MLCommons: MLPerf Results Show AI Performance Gains

Print Friendly, PDF & Email

Today ML Commons announced new results from two industry-standard MLPerf benchmark suites: Training v3.0, which measures the performance of training machine learning models, and Tiny v1.1, which measures how quickly a trained neural network can process new data for extremely low-power devices in the smallest form factors.

To view the results and to find additional information about the benchmarks visit: Training v3.0 and Tiny v1.1.

Training models faster empowers researchers to unlock new capabilities, such as the latest advances in generative AI. The latest MLPerf Training round demonstrates broad industry participation and highlights performance gains of up to 1.54x compared to just six months ago and 33-49x over the first round, reflecting the tremendous rate of innovation in systems for machine learning.

The MLPerf Training benchmark suite comprises full system tests that stress machine learning models, software, and hardware for a broad range of applications. The open-source and peer-reviewed benchmark suite provides a level playing field for competition that drives innovation, performance, and energy-efficiency for the entire industry.

In this round, MLPerf Training added two new benchmarks to the suite. The first is a large language model (LLM) using the GPT-3 reference model that reflects the rapid adoption of generative AI. The second is an updated recommender, modified to be more representative of industry practices, using the DLRM-DCNv2 reference model. These new tests help advance AI by ensuring that industry-standard benchmarks are representative of the latest trends in adoption and can help guide customers, vendors, and researchers alike.

“I’m excited to see the debut of GPT-3 and DLRM-DCNv2, which were built based on extensive feedback from the community and leading customers and demonstrate our commitment to keep the MLPerf benchmarks representative of modern machine learning,” said David Kanter, executive director of MLCommons.

The MLPerf Training v3.0 round includes over 250 performance results, an increase of 62% over the last round, from 16 different submitters: ASUSTek, Azure, Dell, Fujitsu, GIGABYTE, H3C, IEI, Intel & Habana Labs, Krai, Lenovo, NVIDIA, NVIDIA + CoreWeave, Quanta Cloud Technology, Supermicro, and xFusion. In particular, MLCommons would like to congratulate first time MLPerf Training submitters CoreWeave, IEI, and Quanta Cloud Technology.

“It is truly remarkable to witness system engineers continuously pushing the boundaries of performance on workloads that hold utmost value for users via MLPerf,” said Ritika Borkar, co-chair of the MLPerf Training Working Group. “We are particularly thrilled to incorporate an LLM benchmark in this round, as it will inspire system innovation for a workload that has the potential of revolutionizing countless applications.”

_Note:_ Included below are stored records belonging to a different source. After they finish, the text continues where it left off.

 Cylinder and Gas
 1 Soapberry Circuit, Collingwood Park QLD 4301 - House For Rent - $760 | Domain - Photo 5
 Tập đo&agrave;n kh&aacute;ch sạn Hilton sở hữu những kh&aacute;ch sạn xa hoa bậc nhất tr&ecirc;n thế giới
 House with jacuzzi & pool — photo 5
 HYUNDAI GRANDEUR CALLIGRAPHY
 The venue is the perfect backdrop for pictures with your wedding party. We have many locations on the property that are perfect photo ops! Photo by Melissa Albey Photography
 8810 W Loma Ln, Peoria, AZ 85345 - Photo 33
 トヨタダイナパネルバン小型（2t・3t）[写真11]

Tiny compute devices are a pervasive part of everyone’s everyday life, from tire sensors in your vehicles to your appliances and even your fitness tracker. Tiny devices bring intelligence to life at very little cost.

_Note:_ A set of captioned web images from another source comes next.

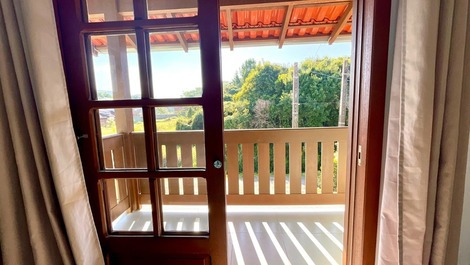 SOBRADO COM PISCINA ENTRE AS BELAS PRAIAS, MARISCAL E CANTO GRANDE!!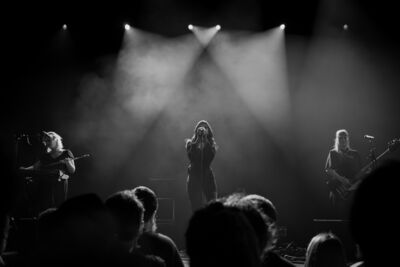 Kælan Mikla @ Ancienne Belgique, picture 3, photographed by Jurgen Van De Maele - FrontView Magazine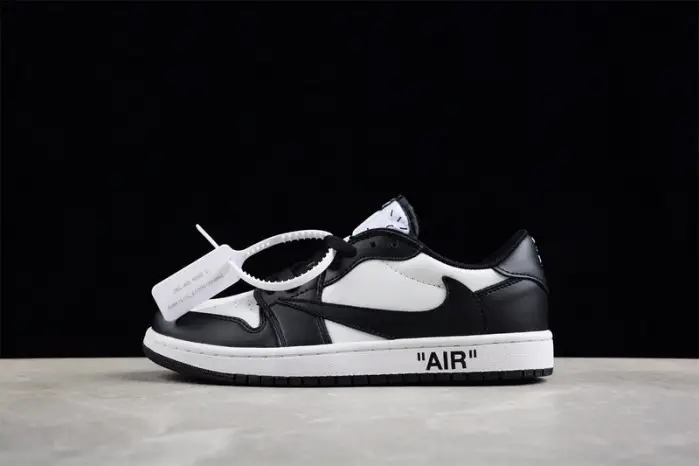 Travis Scott x Air Jordan 1 Low OG 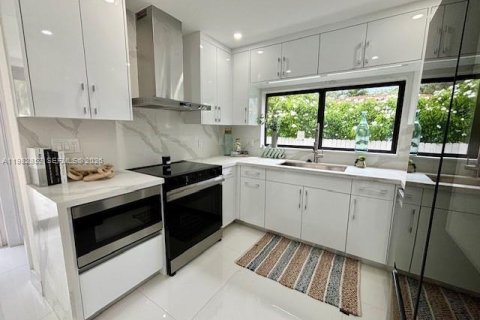 House in Hollywood, Florida 3 bedrooms, 155.7 sq.m. № 2066082 - photo 5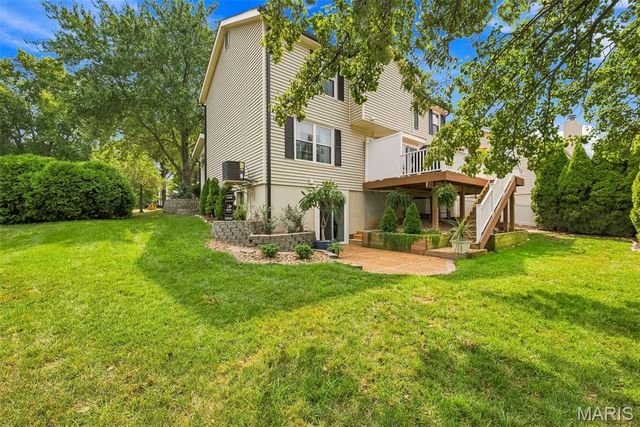 16511 Hunters Crossing Drive, Wildwood, MO 63040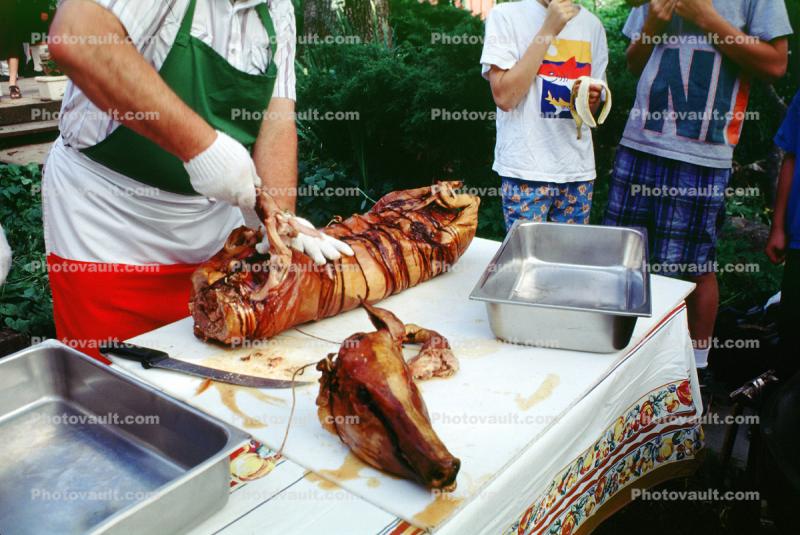 Pig Head, Decapitated, Knife, Meat, White Meat, Tray, Tablecloth, Roasted Pig, Roast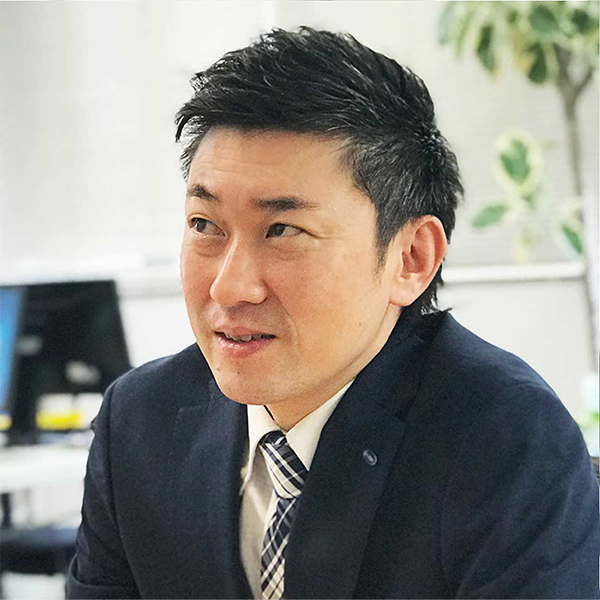 黒崎店管理課課長吉田拓郎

ML inference on the edge is increasingly attractive to increase energy efficiency, privacy, responsiveness, and autonomy of edge devices. Tiny ML breaks the traditional paradigm of energy and compute hungry ML by eliminating networking overhead, allowing for greater overall efficiency and security relative to a cloud-centric approach. The MLPerf Tiny benchmark suite captures a variety of inference use cases that involve “tiny” neural networks, typically 100 kB and below, that process sensor data, such as audio and vision, to provide endpoint intelligence for low-power devices in the smallest form factors. MLPerf Tiny tests these capabilities in a fair and reproducible manner, in addition to offering optional power measurement.

In this round, the Tiny ML v1.1 benchmarks include 10 submissions from academic, industry organizations, and national labs, producing 159 peer-reviewed results. Submitters include: Bosch, cTuning, fpgaConvNet, Kai Jiang, Krai, Nuvoton, Plumerai, Skymizer, STMicroelectronics, and Syntiant. This round includes 41 power measurements, as well. MLCommons congratulates Bosch, cTuning, fpgaConvNet, Kai Jiang, Krai, Nuvoton, and Skymizer on their first submissions to MLPerf Tiny.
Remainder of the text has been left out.